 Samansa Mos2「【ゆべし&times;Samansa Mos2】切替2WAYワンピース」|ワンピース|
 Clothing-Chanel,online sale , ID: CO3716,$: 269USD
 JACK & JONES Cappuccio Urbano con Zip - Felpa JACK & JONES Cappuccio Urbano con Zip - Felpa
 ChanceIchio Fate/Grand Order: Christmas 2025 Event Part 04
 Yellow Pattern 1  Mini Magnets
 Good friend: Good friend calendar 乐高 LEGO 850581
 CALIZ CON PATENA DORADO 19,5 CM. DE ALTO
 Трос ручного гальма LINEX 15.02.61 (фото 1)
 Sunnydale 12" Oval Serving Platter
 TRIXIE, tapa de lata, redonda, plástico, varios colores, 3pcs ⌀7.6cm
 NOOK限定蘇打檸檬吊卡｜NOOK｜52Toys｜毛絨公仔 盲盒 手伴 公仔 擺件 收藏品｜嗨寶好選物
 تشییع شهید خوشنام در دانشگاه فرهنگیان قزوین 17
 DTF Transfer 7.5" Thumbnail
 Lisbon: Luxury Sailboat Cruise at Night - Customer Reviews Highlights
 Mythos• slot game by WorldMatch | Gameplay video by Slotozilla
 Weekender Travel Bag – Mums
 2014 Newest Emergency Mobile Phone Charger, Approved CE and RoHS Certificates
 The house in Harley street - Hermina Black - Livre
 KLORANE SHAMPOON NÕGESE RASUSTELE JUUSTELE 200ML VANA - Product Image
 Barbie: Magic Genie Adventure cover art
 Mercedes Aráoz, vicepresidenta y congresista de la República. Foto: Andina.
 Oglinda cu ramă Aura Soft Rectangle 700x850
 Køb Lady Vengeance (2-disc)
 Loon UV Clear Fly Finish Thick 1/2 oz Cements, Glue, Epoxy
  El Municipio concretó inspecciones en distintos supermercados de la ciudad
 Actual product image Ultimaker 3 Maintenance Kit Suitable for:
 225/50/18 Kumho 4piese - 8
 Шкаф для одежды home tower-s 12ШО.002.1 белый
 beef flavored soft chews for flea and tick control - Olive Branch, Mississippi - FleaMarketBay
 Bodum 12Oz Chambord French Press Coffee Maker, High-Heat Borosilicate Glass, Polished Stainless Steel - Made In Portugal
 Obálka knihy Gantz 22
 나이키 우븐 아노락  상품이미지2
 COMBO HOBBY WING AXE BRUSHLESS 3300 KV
----
:: WHAT IS EXPECTED ::
Start with the first line of the data and print every line exactly. The line containing "Yellow Pattern 1" is the last one to include.

:: EXERCISE ANSWER ::
 Samansa Mos2「【ゆべし&times;Samansa Mos2】切替2WAYワンピース」|ワンピース|
 Clothing-Chanel,online sale , ID: CO3716,$: 269USD
 JACK & JONES Cappuccio Urbano con Zip - Felpa JACK & JONES Cappuccio Urbano con Zip - Felpa
 ChanceIchio Fate/Grand Order: Christmas 2025 Event Part 04
 Yellow Pattern 1  Mini Magnets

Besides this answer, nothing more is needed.